Dig your hands into the dirt. Run them along a smooth board. Reach down into the engine, through the grease and wiring. Use your hands stiffly in the cold, or damply in the sun, or dry in the dust. Use your hands with steadiness on the wheel, with certainty on the brush, with a slight tremor that disappears as you focus on the finer work. Use them with care, and strength, and intent, and work something you can touch and own.
This is common ground.
I wrote that we need common ground, that we have to find it and till it and protect it. That we cannot occupy it, and do not need to. That the only way through is to find places we have drawn lines and erase them. I think this is one of those places.
For many Americans, working with your hands is a point of pride. It is tactile, and real, and does not require you to be articulate, to know the right words, or to believe the right things. It is craft—it requires only skill. And, when it is done well, it leaves you tired and satisfied and feeling like you have done good work.
Conservatives and liberals both believe this. Yet, we look down on each other for believing it.
When we on the left hear conservatives talking about good blue collar jobs, we scoff too often and say they are not coming back. There will be less mining, less manufacturing, less construction. The jobs are gone, we say, move on. And yes, we offer to retrain people, but what American who spent half their life working with their hands now wants to go learn to work in a service industry, or behind a computer, or answering a phone? The kind of work we do is often part of our identities, and saying we’re going to open new industries doesn’t do much if we’re telling people they have to give up who they are along the way.
So, on the left, we look at people who want good manufacturing jobs or who have a family tradition of being a coal miner and we say “Those people are behind. They should get with the times. Those jobs are going away.” And we don’t stop to think that by saying that, we are telling those people they are going away.
Meanwhile, the same ethic exists on the left. You can’t buy anything lately without tripping over artisan this and craft that. Liberals are all about small farming, CSAs, local food, local products, and making things by hand. The people who want to till their own soil and grow their own food are heroes, and the people who want to start small farms and feed their communities are even more so.

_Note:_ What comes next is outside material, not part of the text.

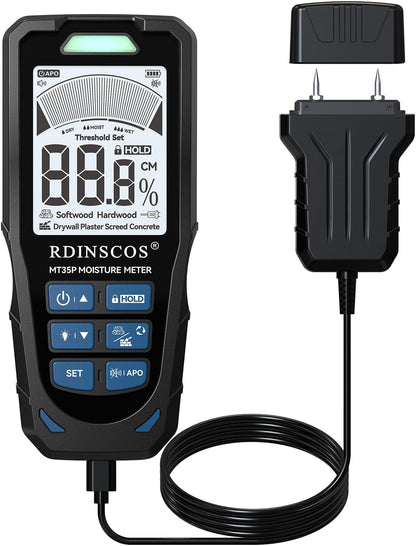 Pinless Moisture Meter for Wall,Floor – Digital Moisture Tester | With 3-Color LCD Display, Audible Alarm & HOLD Function, Ideal for Home Inspections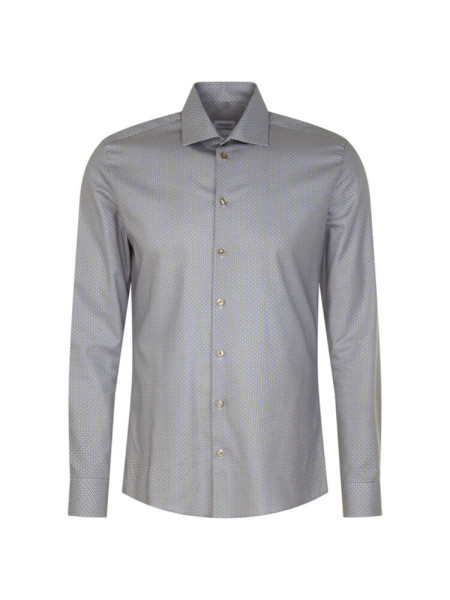 Seidensticker shirt SLIM TWILL beige with Business Kent collar in narrow cut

As they should be, but the ethic is the same. So many of us want to do good physical work. Why look down on people who want to do that work on a large farm instead of a small one?
The prejudice cuts both ways, too. For conservatives, the liberals wanting small farms and CSAs, too often, is regarded as ignorant condescension. Conservatives are altogether too self-satisfied in dismissing the left as elitists dabbling in the work of the middle class. Craft anything is wasteful nostalgia.
The line is drawn, but the ethic is still there. The eye-rolling of the left and right both is just a way of claiming this ethic, claiming this ground, and excluding the people we disagree with broadly.
And of course it sounds stupid, because it is—we agree on this. We agree on working with our hands, doing good physical labor, and contributing, somehow, to our community with that labor. It’s held in common, and it doesn’t need a fence down the middle.
It’s time to start tearing down these fences.
Image Credit: Julia Aviles
I like this!!! Crafting something by hand, whether you are a wordsmith, goldsmith or blacksmith, there is a certain amount of pride, love and work that goes into each piece. On small farms, animals are often treated better. When things are mass produced, quality sometimes goes out the window. Just look at the quality of store bought clothing. Sometimes there isn’t even a final pressing of a garment to give it that polished, professional look. I am not blaming the people who actually made the garment, but rather, the company who in the end, sells the product to the stores. Working with one’s hands helps one to remember the process. Today, it seems to be all about getting, getting and more getting. I suggest a book, “Your Money Or Your Life” as further reading on the process. I read it and gained an appreciation for conscientious spending and a simpler lifestyle. I seem to have veered off but really, aren’t these all tied in?Finding the common ground of recognizing someone’s hard work and value is easier when one appreciates and has experienced it themselves.